My connection with Catalunya has existed for almost ten years now. I first went there in the summer of 2010 to visit some Catalan friends and fell in love with the place immediately.
Like Cymru, they too are a nation within a larger state, with a separate sense of history, belonging and place which grounds the population in a familiarity and stability. Also like Cymru, the quest to re-define itself is an on-going process wrought with contention, conflict and confusion.
Since that first visit, I have travelled back numerous times to play gigs, speak at political debates and to visit friends. Each time, the murmurs towards self-determination have grown stronger to the point where now the agenda of independence is very much at the forefront of everyday life. Walking around the streets of Barcelona today, you will see the cultural traces of protest everywhere. From pro-independence flags draped on the balconies of people’s homes, to stickers on lampposts urging the importance of Spanish unity, the streets are very much the stage that this movement is being played out on.

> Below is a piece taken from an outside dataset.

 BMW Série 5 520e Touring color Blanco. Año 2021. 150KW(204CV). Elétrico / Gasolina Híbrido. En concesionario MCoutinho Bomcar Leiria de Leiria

Being a political musician, I am drawn to the art of protest. No place is absent from sound, and I have always been fascinated with not only how music and sound are influenced by a place, but also how those sounds can equally shape a place. This is why I decided to travel back to Barcelona in the week before the October 1st referendum for independence, to understand the extent music and sound played in the days leading up to the vote.
Music’s presence is inevitable in any political struggle, wherever you are in the world and in this piece, which is my debut short film, I wanted to show not only how music was integral in bringing people together and for creating spaces of solidarity, but how it was also used as an amplifier of people’s histories and emotions. Mixing interviews with a narrative that I wrote after returning from Catalunya, the piece shows the power that the vibrations of sound can have in instigating a revolution to challenge state power.
The conversations with people on the street revealed that music is more than just a tool of defiance, it is a universal language, an embodied experience that has the power to infiltrate minds, bodies and souls unlike anything else.
I don’t think anyone could have predicated the scale of disproportionate violence that occurred on the day of the vote, and I think releasing this film now has a deeper poignancy because it emphasises the optimism, hope and peacefulness of the campaign leading up to that violent day.